[Healthcare, Pharma, Chemicals-Information vom 18. Juli 2019] Textilchemikalien kommen in jeder Phase der Textilherstellung zum Einsatz; von der Vorbereitung des Fadens bis zur Veredelung des fertigen Textils. Dies macht die Endprodukte nicht nur für die Mode- und Textilindustrie unverzichtbar, sondern auch für Bausektor, medizinische Anwendungen und Rüstungsindustrie. Während die meisten Textilchemikalien den Produktionsprozess unterstützen und aus dem fertigen Textil wieder herausgewaschen sind, verbleiben Veredelungschemikalien und Farbstoffe im jeweiligen Endprodukt. Laut Credence Research machen Färbe- und Schlichtchemikalien bei Textilchemikalien ca. 25 % des weltweit erwirtschafteten Umsatzes von rund 22 Mrd. € aus. Es folgen Veredelungsmittel mit ca. 21 % des globalen Umsatzes, Farbstoffe und Additive mit ca. 20 % und Tenside mit ca. 18 %. Auf der Herstellerseite ist der Markt immer noch sehr fragmentiert. Die drei größten Anbieter teilen ca. 30 % des Gesamtmarkts unter sich auf. Speziell in Asien gibt es sehr viele kleinere Hersteller. Einige Chemiekonzerne wie LANXESS und BASF haben ihre Sparten in den letzten Jahren verkauft und sich aufgrund von strategischen Überlegungen und mangelnden Synergien auf andere Märkte konzentriert. Neben großen Herstellern wie DuPont, Huntsman, Wacker und Evonik sind heute auf dem europäischen Markt auch Archroma, TANATEX, Zschimmer & Schwarz, Rudolf Chemie und Bozzetto bedeutende Anbieter.
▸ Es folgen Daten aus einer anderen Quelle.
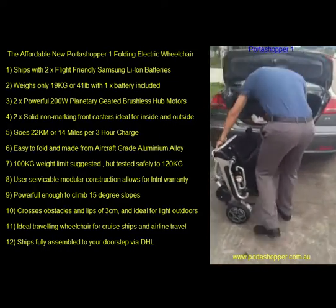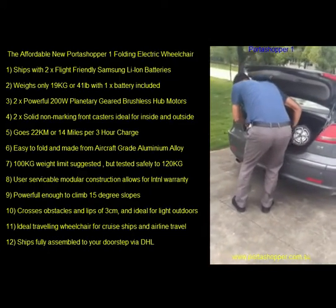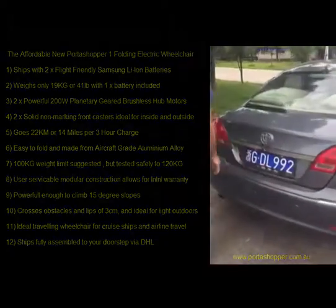The wheelchair only weighs 19kg and that's with one battery included, so should be easy for anybody with normal upper body strength to put this into the car's boot. Thank you very much.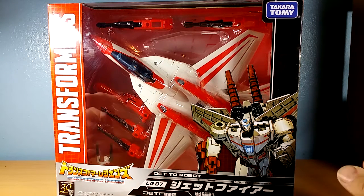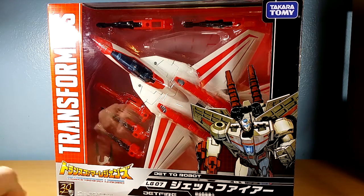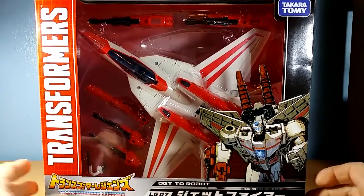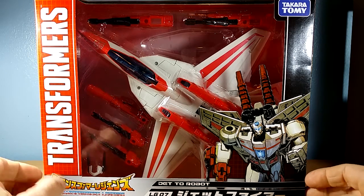Hi, this is Odeon. Today I'm having a look at Takara Tommy's Transformers Legends Jetfire LG-07. This is the Japanese take on what was available pretty much everywhere here in the West as our version of Jetfire.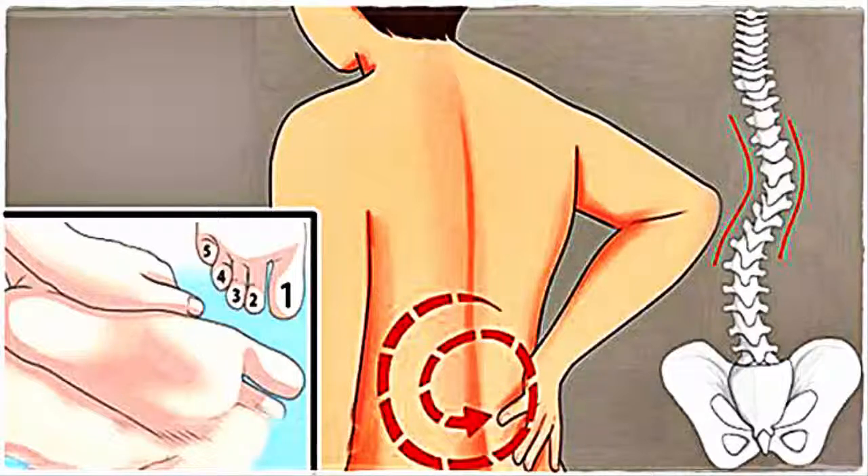Exercise 5: Toe Pencil Pickups. The simplest of the exercises, this one just needs one piece of equipment — a pencil. How to do it: stand with the pencil on the floor in front of you, pick it up with the help of your toes, hold the position for 10 seconds, then drop and repeat. These exercises are simple and not cumbersome. Take out 15 minutes from your daily life and do them for a week to see the best results.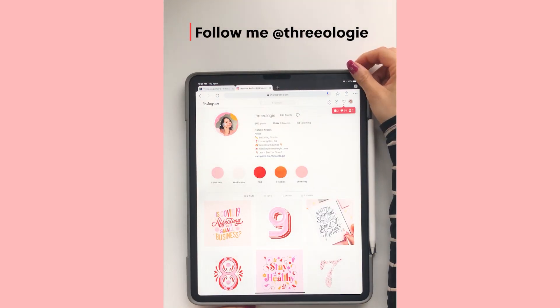If you enjoyed this video, please follow me on Instagram at Theology for more fun videos and tutorials on lettering and all things business.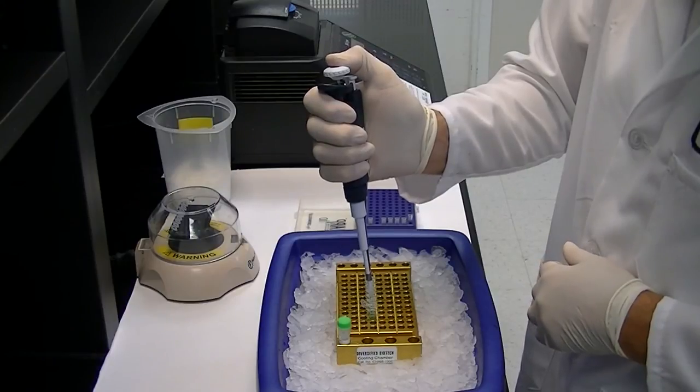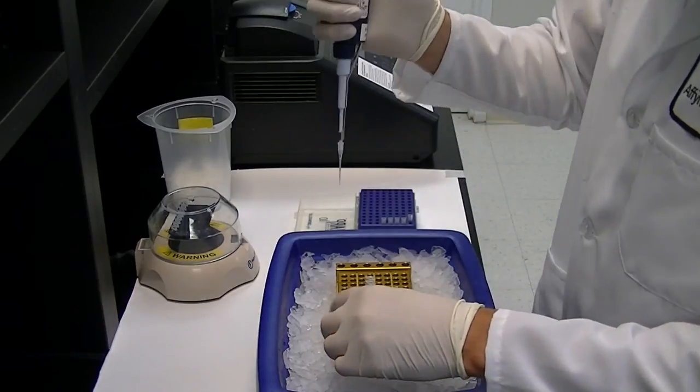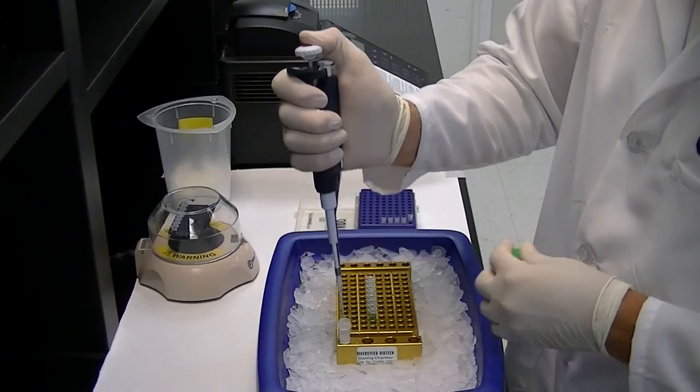Mix the reaction by pipetting up and down or gently vortexing. If processing multiple samples, as shown here using an 8-tube strip, keep the reactions on ice until complete.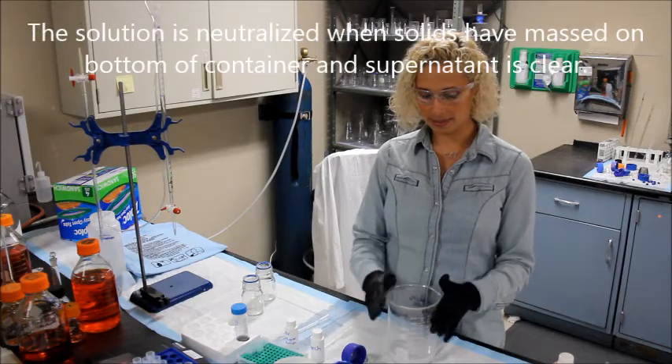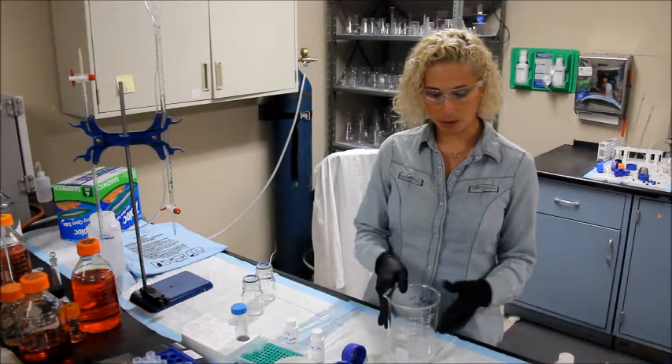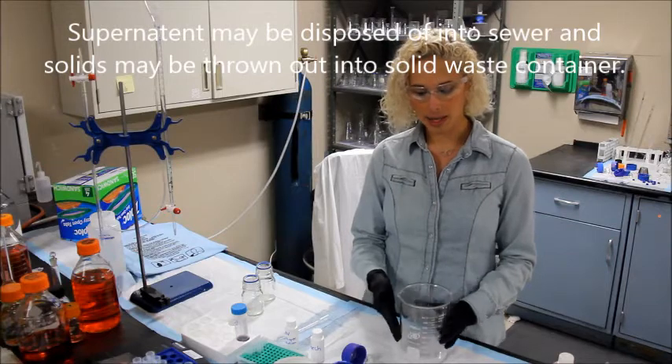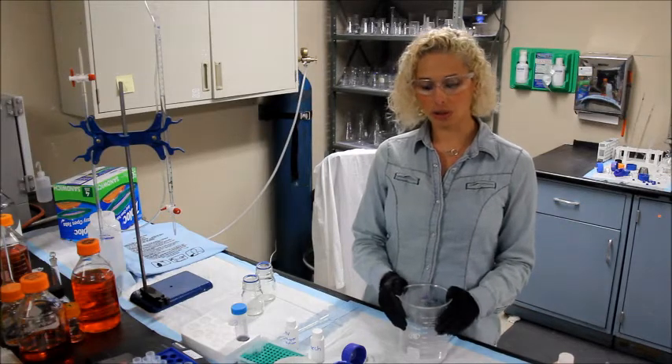If you have more tests to do, it's safe to leave this container with a cover on it. Or you may dispose of the supernatant once complete into a sewer system, and the solids may be thrown away in a normal solid waste system. For further disposal details, please see the manual.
Globales Wachstum wird aus Asien getrieben

Während mittelständische Wettbewerber möglichst ein Komplettsortiment von Textilchemikalien anbieten, konzentrieren sich die großen Konzerne auf Produkte, die Synergien mit ihrem sonstigen Portfolio ermöglichen. Unabhängig von der Größe hat sich in den vergangenen Jahrzehnten die Produktion von klassischen Textilchemikalien für die Modeindustrie mehr und mehr nach Asien verlagert. Denn dort sitzen die meisten Abnehmer. So ist China für ca. 67 % der globalen Faserproduktion verantwortlich, während Westeuropa und die USA jeweils nur ca. 4 % des Gesamtmarkts ausmachen. Für die Chemieproduzenten kommt hinzu, dass strenge Umweltregularien der EU die Hersteller auf der Kostenseite stark belasten, sodass Standardprodukte vermehrt im Nicht-EU-Ausland hergestellt werden. Die höchsten Wachstumsraten erwartet die IKB bei Chemikalien für Kleidung, Wohntextilien, Bodenbeläge und technische Textilien. Diese Entwicklung wird getrieben durch höhere verfügbare Einkommen in Schwellenländern und ein erhöhtes Modebewusstsein der jüngeren, in Städten lebenden Generationen.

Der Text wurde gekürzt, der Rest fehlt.